State Sen. Jane Nelson (R-Flower Mound) and State Rep. John Zerwas (R-Simonton), a medical doctor, sponsored the Texas legislation. Rep. Louis Kolkhorst (R-Brenham) fought hard for the Medicaid waiver and for Interstate Health Care Compacts, another measure included in SB 7 that allows states to band together to create more health care options for patients.
The waiver would “provide flexibility to determine Medicaid eligibility categories and income levels” and further “design Medicaid benefits that meet the demographic, public health, clinical, and cultural needs of this state.” Rhode Island has already had success with a similar waiver issued in January 2009, saving more than $100 million within the first eighteen months.

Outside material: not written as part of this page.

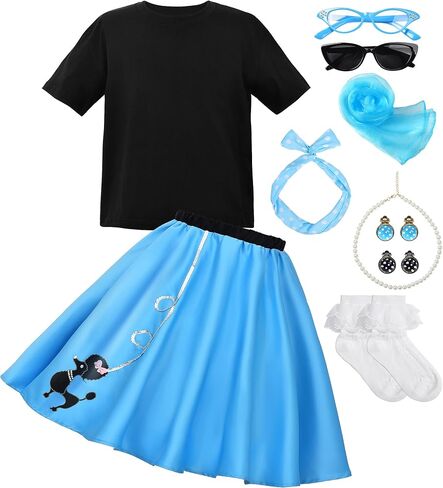 مجموعة ملابس الرقص الكلاسيكية للفتيات من JerrisApparel من الخمسينيات من القرن الماضي على شكل جورب هوب in Kuwait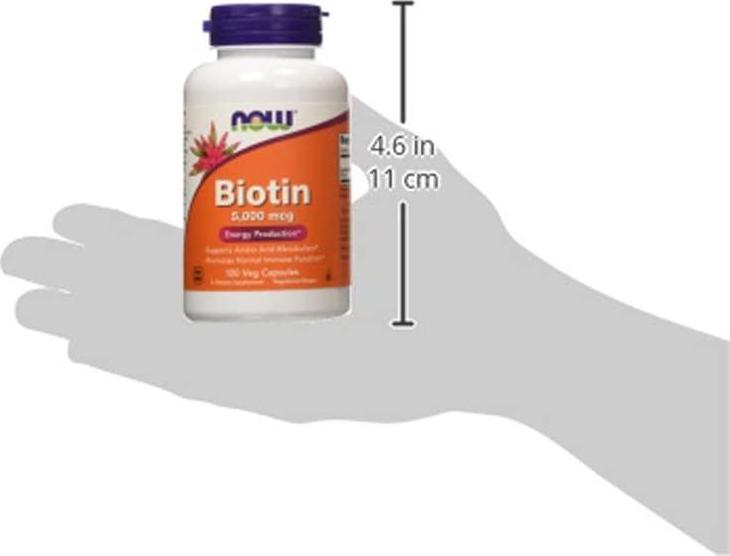 NOW Supplements, Biotin 5,000 mcg, Amino Acid Metabolism*, Energy Production*, 120 Veg Capsules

Medicaid covers more than four million individuals in Texas costing $24.5 billion in fiscal year 2009, representing 28.2 percent of the Texas budget for the 2008-2009 biennium. As the Medicaid expansion required by Obama’s new health care law moves forward in 2014, Medicaid’s share of the budget is expected to jump to a crippling 46.6 percent of the biennial budget for 2014 and 2015, according to an analysis by the Texas Public Policy Foundation. Texas simply cannot afford to spend that much of its budget on a program largely subject to federal control.
Yet these dramatic numbers quite possibly underestimate Medicaid’s true cost starting in 2014. Last month, Medicare and Medicaid’s chief actuary Richard Foster told the Associated Press that a costly mistake was made in Obama’s health care law that will result in middle-class seniors earning $64,000 a year qualifying for Medicaid in 2014.

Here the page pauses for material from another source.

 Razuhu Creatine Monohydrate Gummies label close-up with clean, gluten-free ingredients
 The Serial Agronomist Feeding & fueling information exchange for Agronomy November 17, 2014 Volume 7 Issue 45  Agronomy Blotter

Receiving federal funds as a lump-sum, instead of a matching grant that rewards higher spending with more federal dollars, will allow Texas to find cost-savings within Medicaid. Currently, if the Texas legislature wants to reform Medicaid to save money, they have to find more two dollars in cuts to save one dollar for state taxpayers. Under a block grant, every dollar saved is saved in full.

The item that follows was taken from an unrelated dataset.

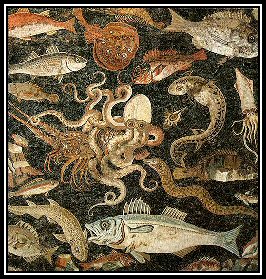 FIG. 162: MOSAIC FROM POMPEII SHOWING SEA FISH. Now in the Museo Nazionale, Naples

Even if Texas cut all non-federally maintained programs within Medicaid, it would save the state just $67 million annually. Slashing physician and hospital reimbursements, risking health outcomes, would save another $46 million annually. Combined, these two cost-saving options would save Texas less than 5 percent a year. Any more significant spending would require the waiver.
Block grants are a proven approach. In 1996, a Republican Congress and President Bill Clinton transformed the Aid to Families with Dependent Children (AFDC) into block grants to the states. With finite funding, states had new incentives to control costs, and reform programs as additional costs would be borne solely by the state. Critics argued that states would not be successful and thousands of families would be harmed.
The new program, Temporary Assistance to Needy Families (TANF) was an overwhelming success. Welfare rolls decreased by two-thirds, and by 2006 total real federal and state spending on TANF has decreased by 31 percent from 1995 AFDC levels. Texas saw our caseload fall from 662,000 individuals in 1996 to 115,100 in 2010.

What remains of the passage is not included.